(Saved entries)
--- START ---

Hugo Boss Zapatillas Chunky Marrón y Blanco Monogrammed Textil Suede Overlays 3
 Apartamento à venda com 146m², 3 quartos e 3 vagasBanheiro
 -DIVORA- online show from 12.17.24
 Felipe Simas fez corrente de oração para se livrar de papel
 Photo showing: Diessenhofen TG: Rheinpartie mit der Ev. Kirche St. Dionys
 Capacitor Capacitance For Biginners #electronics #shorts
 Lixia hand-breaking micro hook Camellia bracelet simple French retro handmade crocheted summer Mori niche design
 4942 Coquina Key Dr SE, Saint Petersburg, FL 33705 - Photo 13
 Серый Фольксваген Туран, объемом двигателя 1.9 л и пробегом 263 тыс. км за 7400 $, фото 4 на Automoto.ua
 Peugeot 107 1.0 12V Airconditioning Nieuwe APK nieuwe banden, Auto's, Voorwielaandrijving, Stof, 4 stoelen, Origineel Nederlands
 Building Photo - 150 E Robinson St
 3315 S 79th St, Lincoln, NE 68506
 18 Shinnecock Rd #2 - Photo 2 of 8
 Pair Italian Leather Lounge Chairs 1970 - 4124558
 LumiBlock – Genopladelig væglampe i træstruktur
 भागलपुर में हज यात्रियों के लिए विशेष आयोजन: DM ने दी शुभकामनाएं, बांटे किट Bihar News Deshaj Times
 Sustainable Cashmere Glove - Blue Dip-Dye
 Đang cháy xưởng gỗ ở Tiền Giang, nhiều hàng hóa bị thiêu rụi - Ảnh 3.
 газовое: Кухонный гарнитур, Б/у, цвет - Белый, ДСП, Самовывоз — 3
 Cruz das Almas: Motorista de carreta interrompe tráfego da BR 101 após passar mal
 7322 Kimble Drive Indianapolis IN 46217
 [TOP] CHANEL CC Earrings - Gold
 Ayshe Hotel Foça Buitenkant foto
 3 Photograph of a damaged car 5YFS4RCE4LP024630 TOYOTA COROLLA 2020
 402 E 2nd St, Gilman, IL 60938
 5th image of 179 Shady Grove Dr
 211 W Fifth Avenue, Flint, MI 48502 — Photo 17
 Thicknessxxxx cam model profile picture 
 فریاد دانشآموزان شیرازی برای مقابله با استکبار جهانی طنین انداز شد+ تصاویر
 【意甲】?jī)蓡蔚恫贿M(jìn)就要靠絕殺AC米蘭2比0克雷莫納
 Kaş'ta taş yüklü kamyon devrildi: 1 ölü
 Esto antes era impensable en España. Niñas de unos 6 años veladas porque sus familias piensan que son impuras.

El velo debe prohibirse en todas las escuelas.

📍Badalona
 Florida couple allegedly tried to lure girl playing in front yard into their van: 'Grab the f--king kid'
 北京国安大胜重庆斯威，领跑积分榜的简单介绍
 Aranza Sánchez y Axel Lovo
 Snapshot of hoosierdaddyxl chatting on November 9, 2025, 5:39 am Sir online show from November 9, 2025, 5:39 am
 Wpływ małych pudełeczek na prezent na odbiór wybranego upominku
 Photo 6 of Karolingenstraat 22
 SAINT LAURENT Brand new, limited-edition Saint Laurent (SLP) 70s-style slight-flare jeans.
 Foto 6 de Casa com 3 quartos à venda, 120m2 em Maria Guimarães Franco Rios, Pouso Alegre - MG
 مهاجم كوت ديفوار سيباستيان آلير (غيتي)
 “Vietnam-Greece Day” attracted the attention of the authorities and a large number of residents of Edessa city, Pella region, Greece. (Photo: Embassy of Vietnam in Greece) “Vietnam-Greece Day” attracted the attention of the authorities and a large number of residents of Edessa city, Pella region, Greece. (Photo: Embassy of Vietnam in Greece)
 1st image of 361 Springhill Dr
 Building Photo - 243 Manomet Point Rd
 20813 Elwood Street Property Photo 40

--- END ---

■ WORK TASK ■
Show the lines of the data that hold the word "image".

■ EXERCISE RESULT ■
 5th image of 179 Shady Grove Dr
 1st image of 361 Springhill Dr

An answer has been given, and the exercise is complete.